Can't We All Be More Like Scandinavians?

Daron Acemoglu, James Robinson & Thierry Verdier
MIT Working Paper, March 2012

In an interdependent world, could all countries adopt the same egalitarianism reward structures and institutions? To provide theoretical answers to this question, we develop a simple model of economic growth in a world in which all countries benefit and potentially contribute to advances in the world technology frontier. A greater gap of incomes between successful and unsuccessful entrepreneurs (thus greater inequality) increases entrepreneurial effort and hence a country's contributions to the world technology frontier. We show that, under plausible assumptions, the world equilibrium is necessarily asymmetric: some countries will opt for a type of "cutthroat" capitalism that generates greater inequality and more innovation and will become the technology leaders, while others will free-ride on the cutthroat incentives of the leaders and choose a more "cuddly" form of capitalism. Paradoxically, those with cuddly reward structures, though poorer, may have higher welfare than cutthroat capitalists -- but in the world equilibrium, it is not a best response for the cutthroat capitalists to switch to a more cuddly form of capitalism. We also show that domestic constraints from social democratic parties or unions may be beneficial for a country because they prevent cutthroat capitalism domestically, instead inducing other countries to play this role.
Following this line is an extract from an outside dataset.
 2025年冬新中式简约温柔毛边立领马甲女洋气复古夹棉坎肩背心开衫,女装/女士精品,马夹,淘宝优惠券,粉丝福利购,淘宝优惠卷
The Effect of Rising Income Inequality on Taxation and Public Expenditures: Evidence from US Municipalities and School Districts, 1970-2000

Leah Boustan et al.
Review of Economics and Statistics, forthcoming

The income distribution in many developed countries widened dramatically from 1970 to 2000. Some scholars argue that income inequality contributes to a host of social ills by undermining voters' willingness to support public expenditures. In contrast, we find that growing income inequality is associated with an expansion in government revenues and expenditures on a wide range of services in US municipalities and school districts. Results are robust to a number of model specifications, including instrumental variables that address endogeneity of the local income distribution. Our results are inconsistent with models predicting that heterogeneous societies provide lower levels of public goods.
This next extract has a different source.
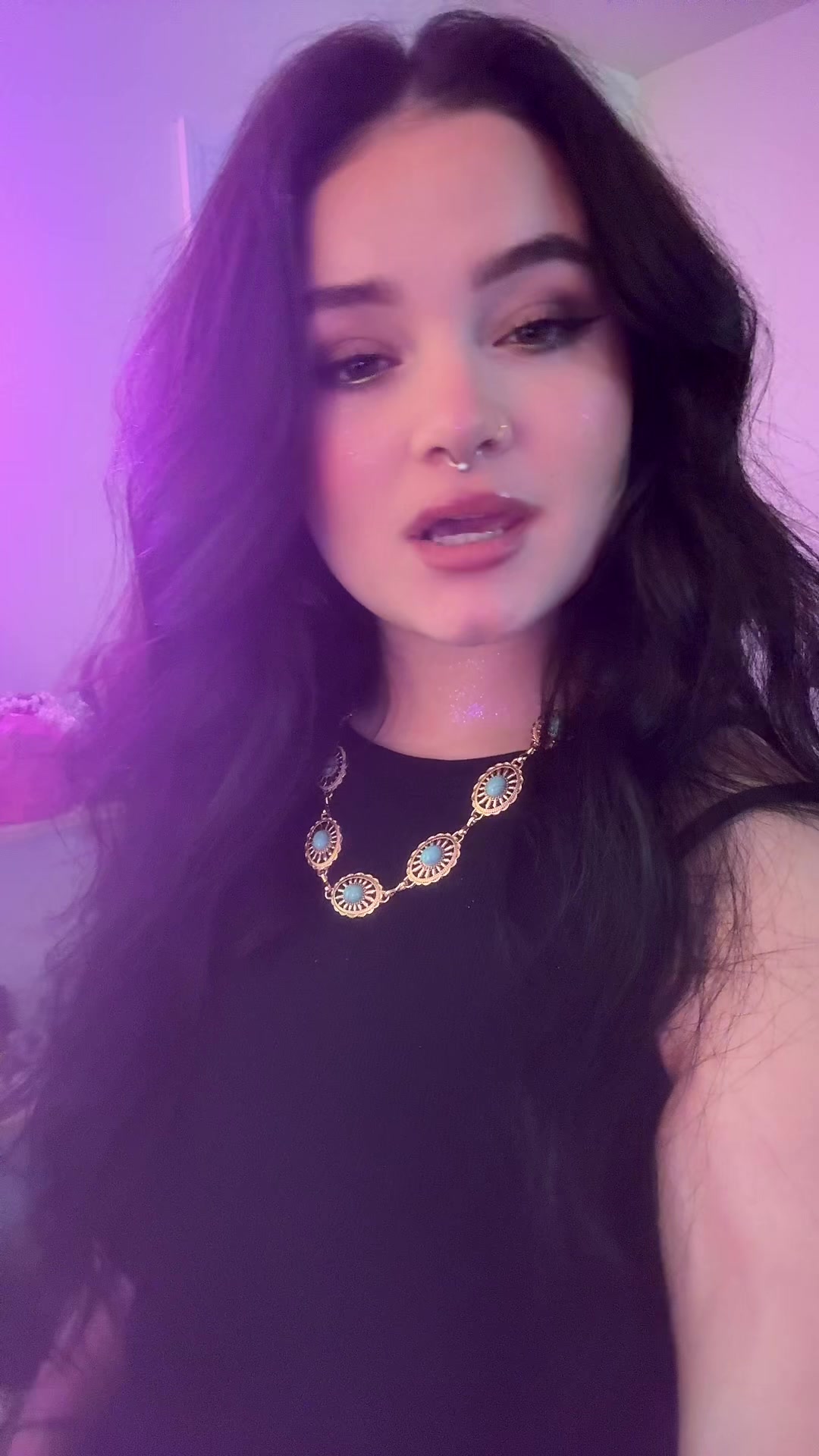 @mía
The Tragedy of the Carrots: Economics and Politics in the Choice of Price Instruments

Brian Galle
Stanford Law Review, April 2012, Pages 797-850

Externalities are one of the most fundamental market failure justifications for government action, and Pigouvian taxes and subsidies are standard tools for correcting them. Even so, neither the legal nor the economic literature offers any comprehensive account of when policymakers should prefer taxes to subsidies or vice versa. This Article takes up that task. Prior efforts to distinguish between "carrots" and "sticks" have generally been limited to the context of pollution regulation, and I show here that even those efforts are incomplete. I also extend the analysis to the case of positive externalities, where there is little prior literature to speak of. Overall, I find that sticks are usually superior to carrots, but that there are some interesting exceptions. Nonetheless, carrots are rampant in modern lawmaking, especially carrots in the form of tax expenditures. I identify features of modern politics and law that contribute to the current inefficient overproduction of carrots. Among others, I find that federalism contributes to political preferences for carrots. That implies an until-now unrecognized reason to centralize certain forms of government regulation. Finally, I take issue with the claims of the environmental literature that carrots, even if the inferior policy choice, should be used when politics would be likely otherwise to frustrate any regulation. Using carrots in critical and closely contested situations only contributes to externality producers' incentives to raise the political stakes, either by cranking out more negative externalities or withholding benefits.


Democracy's Dignity

Josiah Ober
American Political Science Review, forthcoming

Dignity, as equal high standing characterized by nonhumiliation and noninfantilization, is democracy's third core value. Along with liberty and equality, it is a necessary condition for collective self-governance. Dignity enables robust exercise of liberty and equality while resisting both neglectful libertarianism and paternalistic egalitarianism. The civic dignity required for democracy is specified through a taxonomy of incompletely and fully moralized forms of dignity. Distinctive features of different regimes of dignity are modeled by simple games and illustrated by historical case studies. Unlike traditional meritocracy and universal human dignity, a civic dignity regime is theoretically stable in a population of self-interested social agents. It is real-world stable because citizens are predictably well motivated to defend those threatened with indignity and because they have resources for effective collective action against threats to dignity. Meritocracy and civic dignity are not inherently liberal, but may persist within a liberal democracy committed to universal human dignity.


Regulators and Redskins

Bentley Coffey, Patrick McLaughlin & Robert Tollison
Pubic Choice, October 2012, Pages 191-204

We examine the correlation between federal government activity and performance of the capital's National Football League team, the Washington Redskins. We find a positive, non-spurious, and robust correlation between the Redskins' winning percentage and bureaucratic output, measured by pages published in the Federal Register. Because the Redskins' performance is prototypically exogenous, we give this result a causal interpretation and provide a plausible, causal mechanism: bureaucrats must make "logrolling" deals to expand their regulatory power, and a winning football team offers a shared source of optimism to lubricate such negotiations. We do not find the same correlation when examining congressional activity.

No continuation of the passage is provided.